_Problem details_.
With no edits of any kind, print each record that follows.

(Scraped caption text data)
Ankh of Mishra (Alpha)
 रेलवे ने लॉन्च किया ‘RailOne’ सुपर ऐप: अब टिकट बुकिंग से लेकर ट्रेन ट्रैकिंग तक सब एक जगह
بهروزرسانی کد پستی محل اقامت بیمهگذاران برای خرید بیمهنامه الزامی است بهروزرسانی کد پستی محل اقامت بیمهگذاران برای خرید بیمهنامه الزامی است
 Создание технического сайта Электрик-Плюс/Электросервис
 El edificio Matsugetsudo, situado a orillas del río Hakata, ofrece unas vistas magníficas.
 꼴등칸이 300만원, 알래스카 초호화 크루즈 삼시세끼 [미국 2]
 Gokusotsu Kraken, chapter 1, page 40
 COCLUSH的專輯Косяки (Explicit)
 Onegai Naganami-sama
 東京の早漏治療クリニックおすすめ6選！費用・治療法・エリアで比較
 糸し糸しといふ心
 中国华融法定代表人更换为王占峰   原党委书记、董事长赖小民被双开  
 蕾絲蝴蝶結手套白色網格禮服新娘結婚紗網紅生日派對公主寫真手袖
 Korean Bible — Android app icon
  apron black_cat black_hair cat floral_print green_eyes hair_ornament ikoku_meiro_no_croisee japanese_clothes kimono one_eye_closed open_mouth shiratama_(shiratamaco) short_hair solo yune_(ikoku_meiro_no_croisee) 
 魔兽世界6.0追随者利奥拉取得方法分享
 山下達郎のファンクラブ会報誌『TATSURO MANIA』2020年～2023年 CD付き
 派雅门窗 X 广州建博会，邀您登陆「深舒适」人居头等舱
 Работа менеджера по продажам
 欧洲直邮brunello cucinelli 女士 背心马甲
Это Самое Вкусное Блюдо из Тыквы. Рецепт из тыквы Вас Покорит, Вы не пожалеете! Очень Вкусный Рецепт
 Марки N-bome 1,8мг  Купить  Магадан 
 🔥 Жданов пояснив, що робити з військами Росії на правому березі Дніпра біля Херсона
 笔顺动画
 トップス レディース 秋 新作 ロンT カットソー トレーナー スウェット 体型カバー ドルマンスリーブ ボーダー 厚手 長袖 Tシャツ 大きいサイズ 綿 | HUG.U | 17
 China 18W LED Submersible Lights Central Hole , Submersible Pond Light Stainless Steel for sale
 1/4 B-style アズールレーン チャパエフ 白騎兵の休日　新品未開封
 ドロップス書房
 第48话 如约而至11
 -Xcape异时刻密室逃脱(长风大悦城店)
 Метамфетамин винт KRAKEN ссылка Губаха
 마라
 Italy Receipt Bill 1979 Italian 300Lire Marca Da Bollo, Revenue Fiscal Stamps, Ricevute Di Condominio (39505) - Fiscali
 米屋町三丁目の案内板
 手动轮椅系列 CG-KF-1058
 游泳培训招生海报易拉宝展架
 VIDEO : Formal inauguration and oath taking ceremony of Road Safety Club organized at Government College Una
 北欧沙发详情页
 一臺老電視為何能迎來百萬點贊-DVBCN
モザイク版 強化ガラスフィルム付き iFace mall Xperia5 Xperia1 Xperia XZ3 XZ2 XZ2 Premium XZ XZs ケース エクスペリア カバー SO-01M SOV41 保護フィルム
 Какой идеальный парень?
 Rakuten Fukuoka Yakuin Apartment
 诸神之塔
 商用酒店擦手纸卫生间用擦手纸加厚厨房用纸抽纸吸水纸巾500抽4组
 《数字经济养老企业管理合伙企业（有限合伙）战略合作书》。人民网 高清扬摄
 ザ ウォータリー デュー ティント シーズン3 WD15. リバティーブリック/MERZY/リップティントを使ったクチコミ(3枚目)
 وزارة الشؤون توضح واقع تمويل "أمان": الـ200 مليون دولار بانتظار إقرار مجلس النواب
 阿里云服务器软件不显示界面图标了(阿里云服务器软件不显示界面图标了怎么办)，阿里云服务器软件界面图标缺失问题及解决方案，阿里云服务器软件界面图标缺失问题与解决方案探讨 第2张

_Answer to this problem_.
Ankh of Mishra (Alpha)
 रेलवे ने लॉन्च किया ‘RailOne’ सुपर ऐप: अब टिकट बुकिंग से लेकर ट्रेन ट्रैकिंग तक सब एक जगह
بهروزرسانی کد پستی محل اقامت بیمهگذاران برای خرید بیمهنامه الزامی است بهروزرسانی کد پستی محل اقامت بیمهگذاران برای خرید بیمهنامه الزامی است
 Создание технического сайта Электрик-Плюс/Электросервис
 El edificio Matsugetsudo, situado a orillas del río Hakata, ofrece unas vistas magníficas.
 꼴등칸이 300만원, 알래스카 초호화 크루즈 삼시세끼 [미국 2]
 Gokusotsu Kraken, chapter 1, page 40
 COCLUSH的專輯Косяки (Explicit)
 Onegai Naganami-sama
 東京の早漏治療クリニックおすすめ6選！費用・治療法・エリアで比較
 糸し糸しといふ心
 中国华融法定代表人更换为王占峰   原党委书记、董事长赖小民被双开  
 蕾絲蝴蝶結手套白色網格禮服新娘結婚紗網紅生日派對公主寫真手袖
 Korean Bible — Android app icon
  apron black_cat black_hair cat floral_print green_eyes hair_ornament ikoku_meiro_no_croisee japanese_clothes kimono one_eye_closed open_mouth shiratama_(shiratamaco) short_hair solo yune_(ikoku_meiro_no_croisee) 
 魔兽世界6.0追随者利奥拉取得方法分享
 山下達郎のファンクラブ会報誌『TATSURO MANIA』2020年～2023年 CD付き
 派雅门窗 X 广州建博会，邀您登陆「深舒适」人居头等舱
 Работа менеджера по продажам
 欧洲直邮brunello cucinelli 女士 背心马甲
Это Самое Вкусное Блюдо из Тыквы. Рецепт из тыквы Вас Покорит, Вы не пожалеете! Очень Вкусный Рецепт
 Марки N-bome 1,8мг  Купить  Магадан 
 🔥 Жданов пояснив, що робити з військами Росії на правому березі Дніпра біля Херсона
 笔顺动画
 トップス レディース 秋 新作 ロンT カットソー トレーナー スウェット 体型カバー ドルマンスリーブ ボーダー 厚手 長袖 Tシャツ 大きいサイズ 綿 | HUG.U | 17
 China 18W LED Submersible Lights Central Hole , Submersible Pond Light Stainless Steel for sale
 1/4 B-style アズールレーン チャパエフ 白騎兵の休日　新品未開封
 ドロップス書房
 第48话 如约而至11
 -Xcape异时刻密室逃脱(长风大悦城店)
 Метамфетамин винт KRAKEN ссылка Губаха
 마라
 Italy Receipt Bill 1979 Italian 300Lire Marca Da Bollo, Revenue Fiscal Stamps, Ricevute Di Condominio (39505) - Fiscali
 米屋町三丁目の案内板
 手动轮椅系列 CG-KF-1058
 游泳培训招生海报易拉宝展架
 VIDEO : Formal inauguration and oath taking ceremony of Road Safety Club organized at Government College Una
 北欧沙发详情页
 一臺老電視為何能迎來百萬點贊-DVBCN
モザイク版 強化ガラスフィルム付き iFace mall Xperia5 Xperia1 Xperia XZ3 XZ2 XZ2 Premium XZ XZs ケース エクスペリア カバー SO-01M SOV41 保護フィルム
 Какой идеальный парень?
 Rakuten Fukuoka Yakuin Apartment
 诸神之塔
 商用酒店擦手纸卫生间用擦手纸加厚厨房用纸抽纸吸水纸巾500抽4组
 《数字经济养老企业管理合伙企业（有限合伙）战略合作书》。人民网 高清扬摄
 ザ ウォータリー デュー ティント シーズン3 WD15. リバティーブリック/MERZY/リップティントを使ったクチコミ(3枚目)
 وزارة الشؤون توضح واقع تمويل "أمان": الـ200 مليون دولار بانتظار إقرار مجلس النواب
 阿里云服务器软件不显示界面图标了(阿里云服务器软件不显示界面图标了怎么办)，阿里云服务器软件界面图标缺失问题及解决方案，阿里云服务器软件界面图标缺失问题与解决方案探讨 第2张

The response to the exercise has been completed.